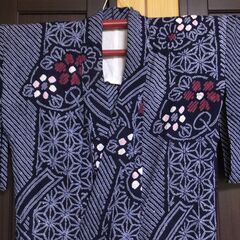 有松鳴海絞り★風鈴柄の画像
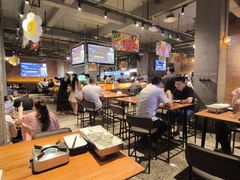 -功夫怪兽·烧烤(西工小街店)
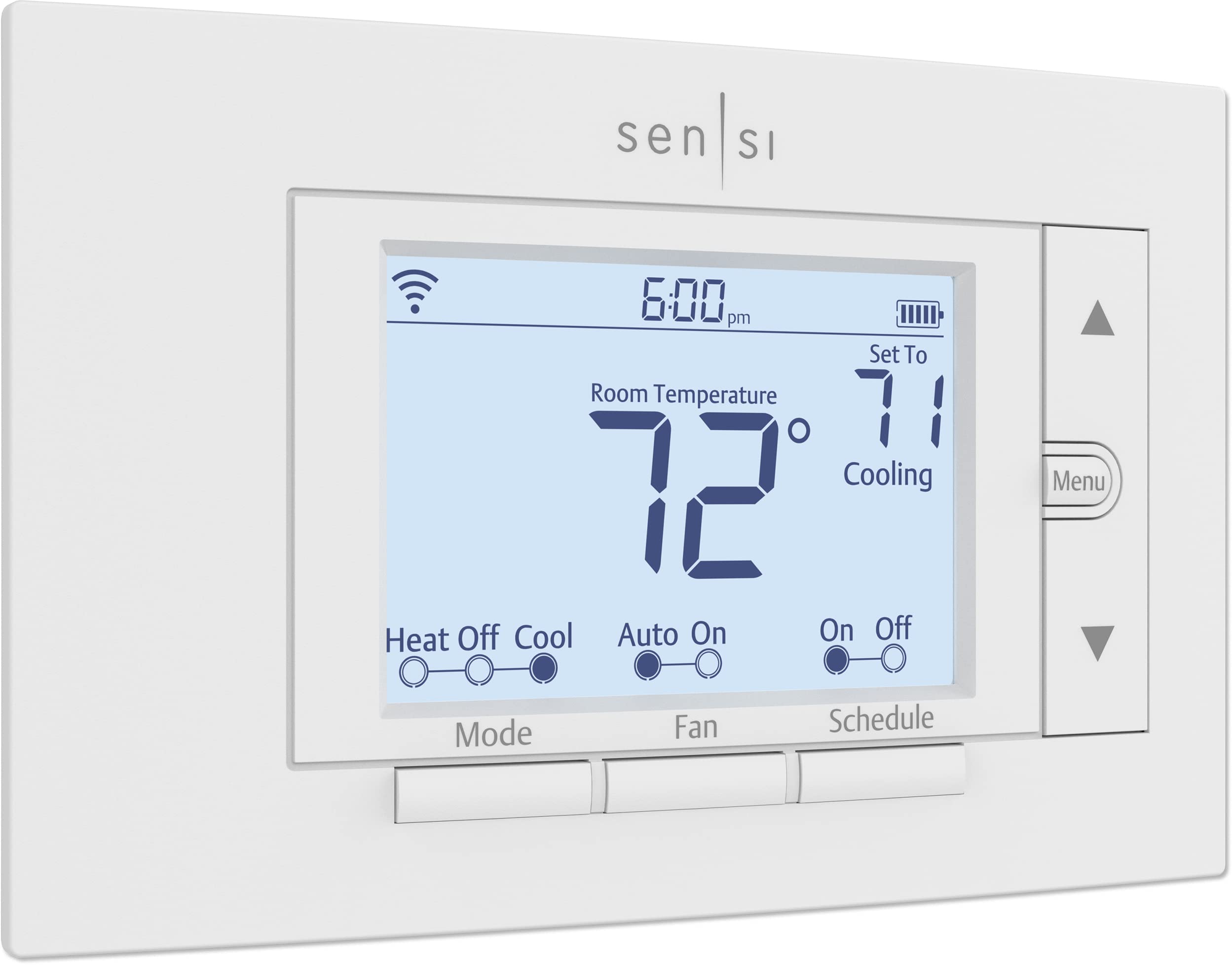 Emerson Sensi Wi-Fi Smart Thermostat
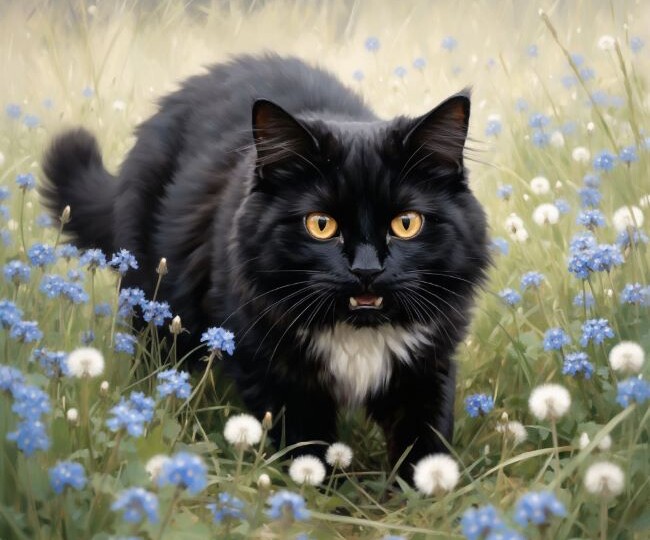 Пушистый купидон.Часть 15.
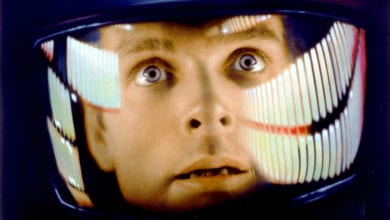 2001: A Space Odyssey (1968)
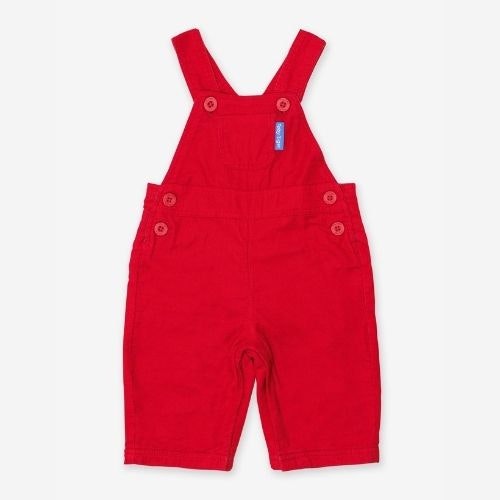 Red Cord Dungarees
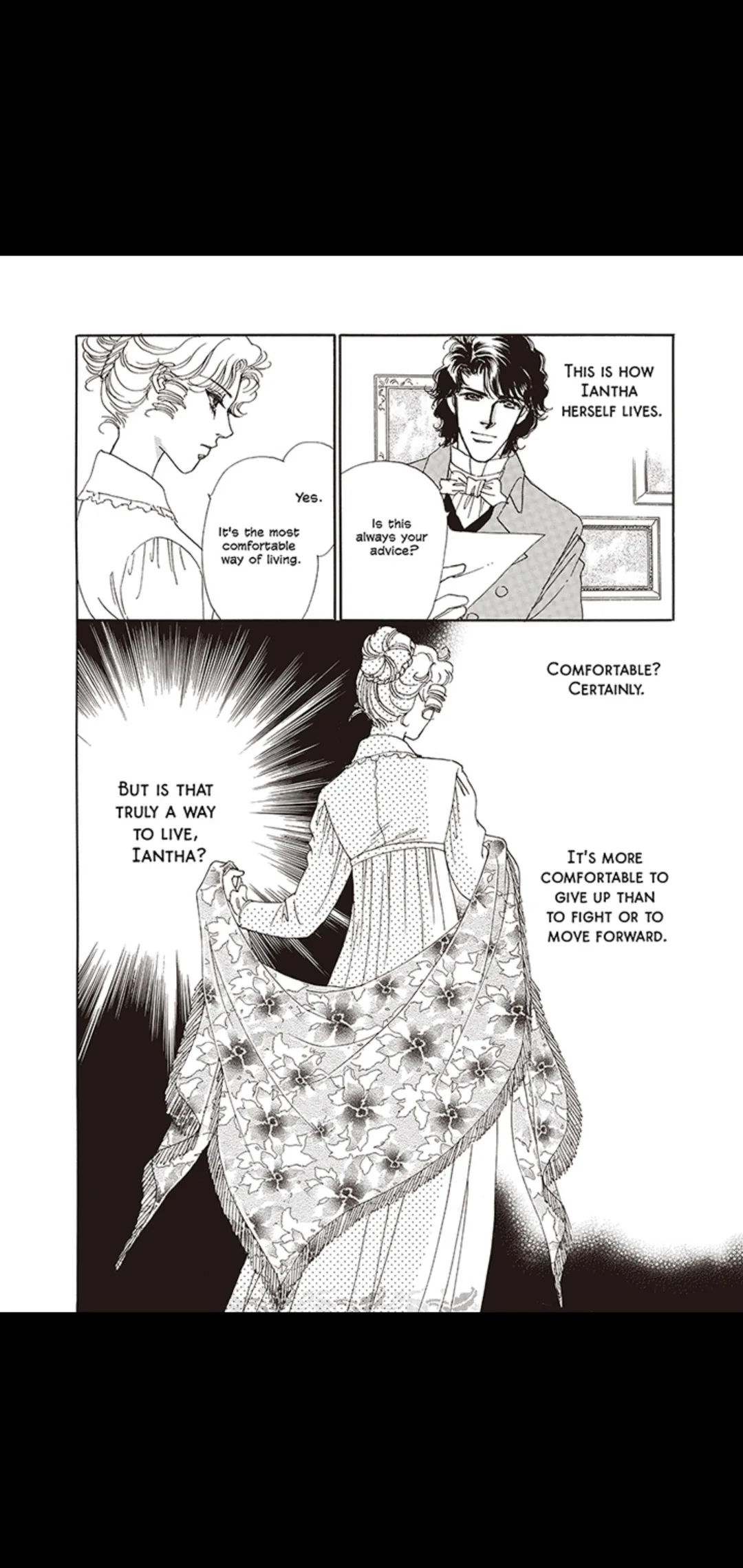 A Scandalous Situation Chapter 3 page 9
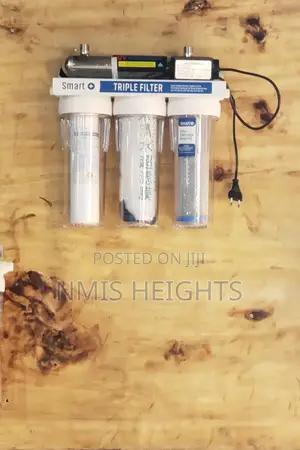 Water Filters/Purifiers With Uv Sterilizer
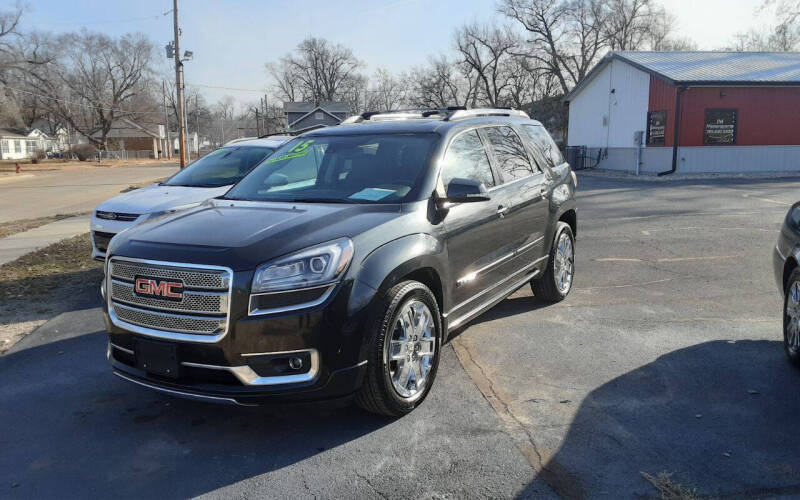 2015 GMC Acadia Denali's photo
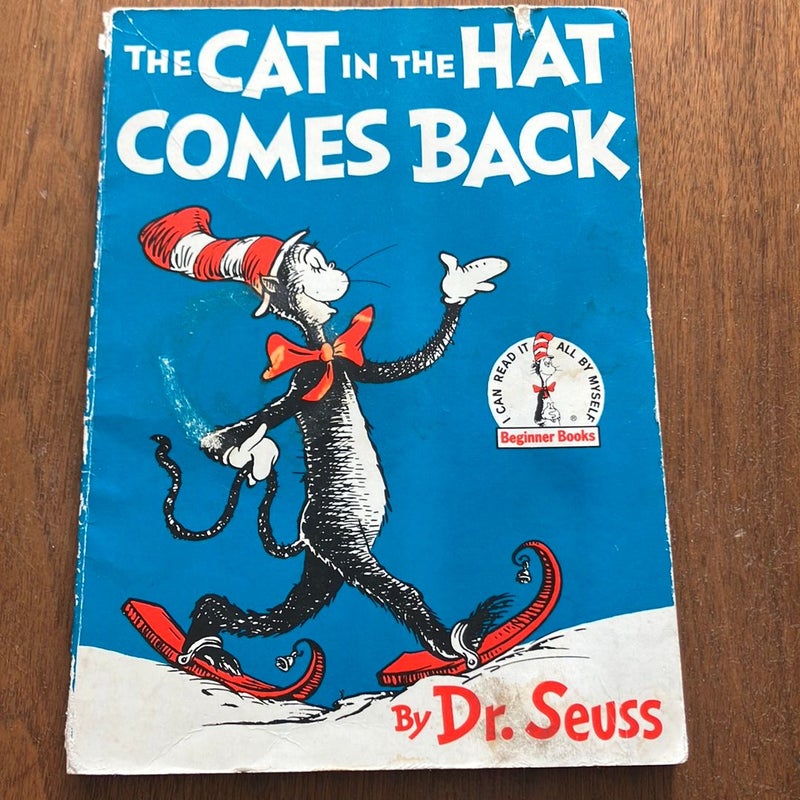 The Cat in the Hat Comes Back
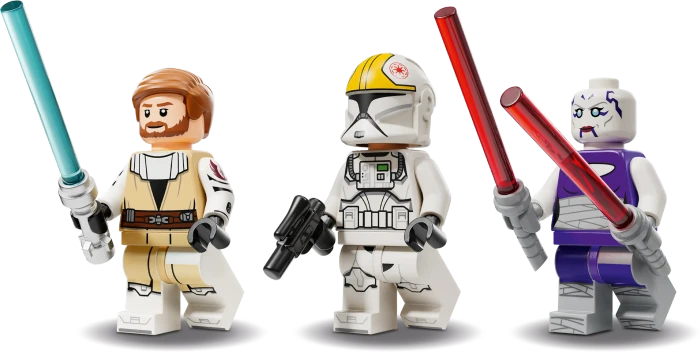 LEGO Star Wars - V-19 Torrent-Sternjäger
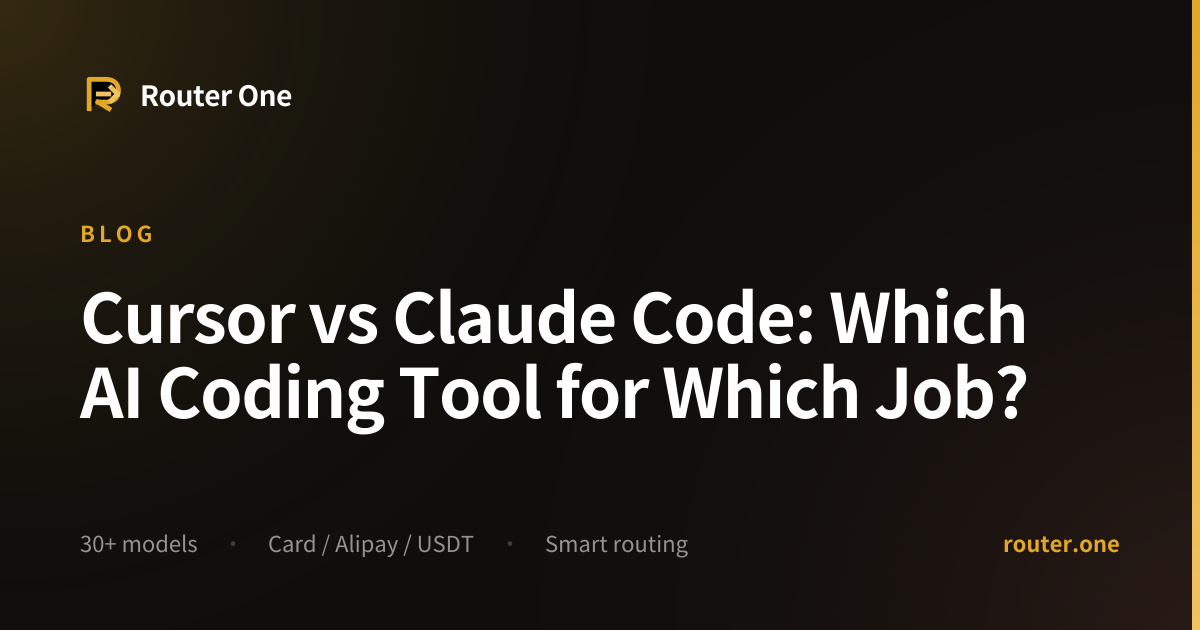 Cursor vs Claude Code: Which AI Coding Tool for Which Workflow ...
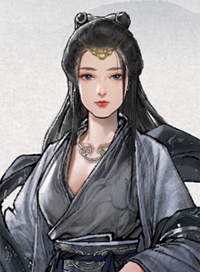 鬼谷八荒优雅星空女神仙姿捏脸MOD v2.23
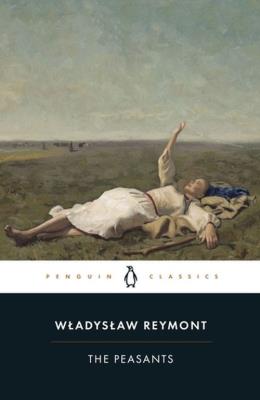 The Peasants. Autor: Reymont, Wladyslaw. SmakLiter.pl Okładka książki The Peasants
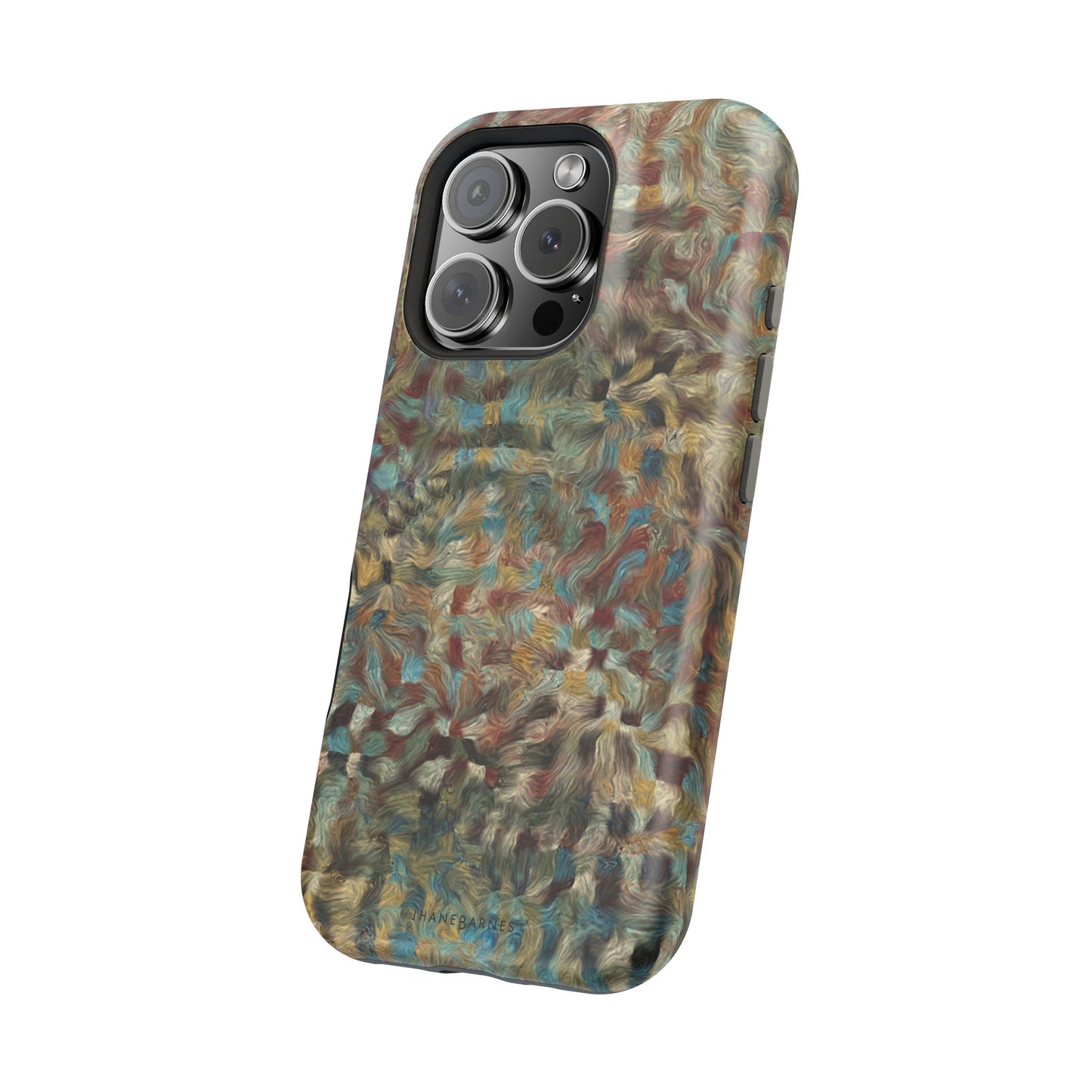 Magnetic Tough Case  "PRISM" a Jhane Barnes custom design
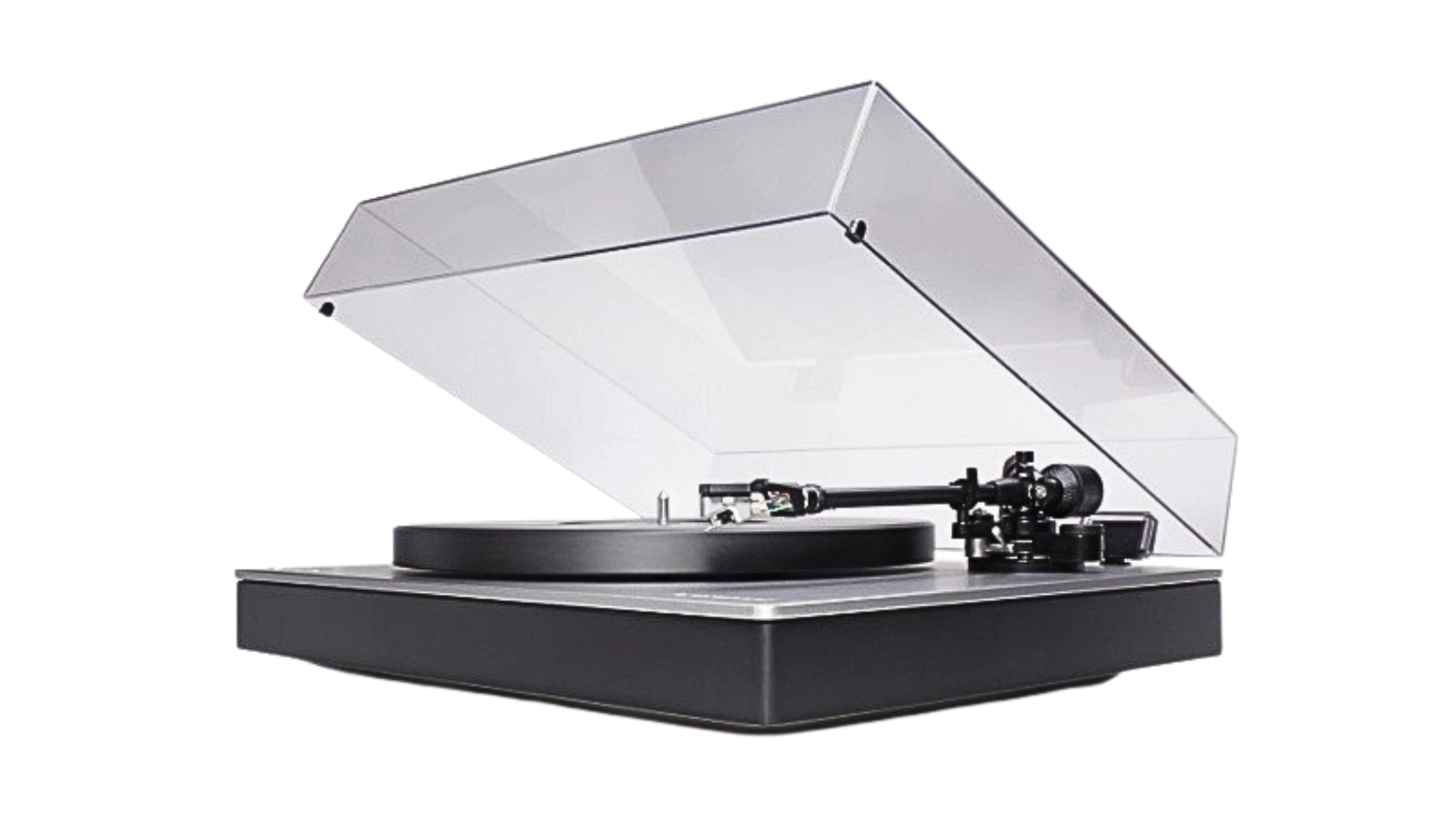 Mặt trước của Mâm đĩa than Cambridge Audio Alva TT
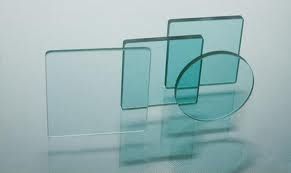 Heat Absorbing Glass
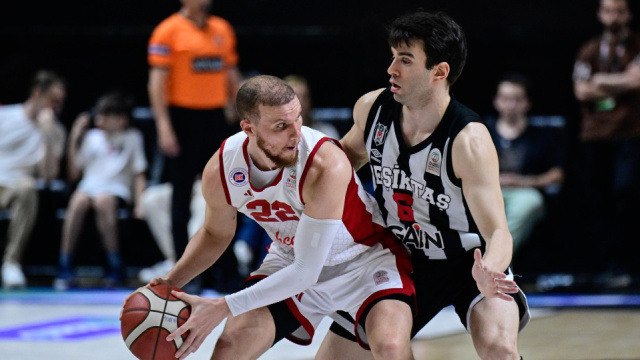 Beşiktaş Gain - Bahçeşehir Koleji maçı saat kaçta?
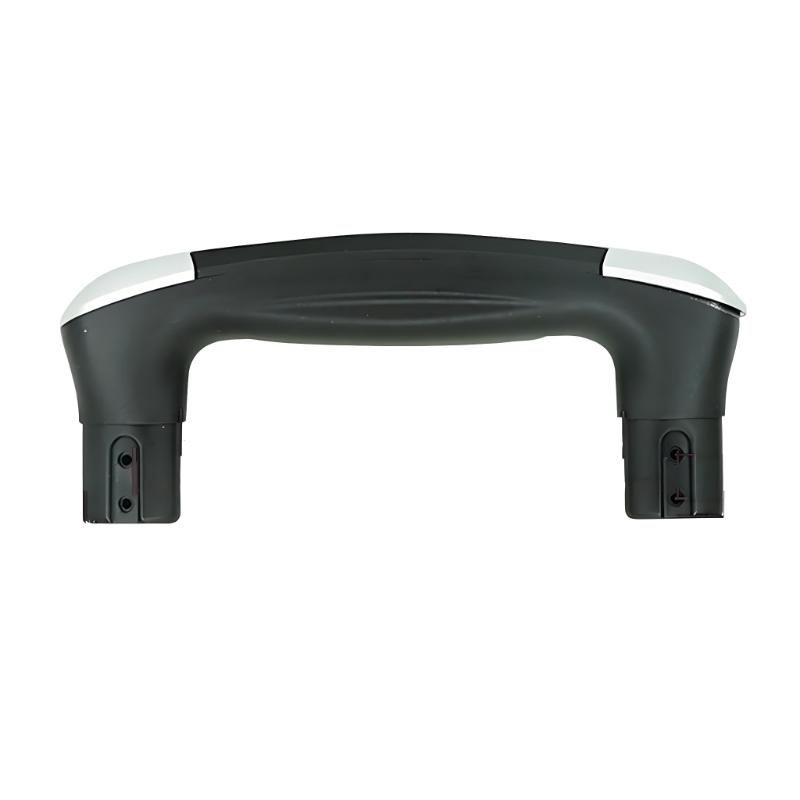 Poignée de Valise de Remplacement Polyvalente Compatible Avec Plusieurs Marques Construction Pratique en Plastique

* * * * * * * * *

Quote all the lines above exactly as given. Do not include the pictures.

» ANSWER BOX:
 有松鳴海絞り★風鈴柄の画像
 -功夫怪兽·烧烤(西工小街店)
 Emerson Sensi Wi-Fi Smart Thermostat
 Пушистый купидон.Часть 15.
 2001: A Space Odyssey (1968)
 Red Cord Dungarees
 A Scandalous Situation Chapter 3 page 9
 Water Filters/Purifiers With Uv Sterilizer
 2015 GMC Acadia Denali's photo
 The Cat in the Hat Comes Back
 LEGO Star Wars - V-19 Torrent-Sternjäger
 Cursor vs Claude Code: Which AI Coding Tool for Which Workflow ...
 鬼谷八荒优雅星空女神仙姿捏脸MOD v2.23
 The Peasants. Autor: Reymont, Wladyslaw. SmakLiter.pl Okładka książki The Peasants
 Magnetic Tough Case  "PRISM" a Jhane Barnes custom design
 Mặt trước của Mâm đĩa than Cambridge Audio Alva TT
 Heat Absorbing Glass
 Beşiktaş Gain - Bahçeşehir Koleji maçı saat kaçta?
 Poignée de Valise de Remplacement Polyvalente Compatible Avec Plusieurs Marques Construction Pratique en Plastique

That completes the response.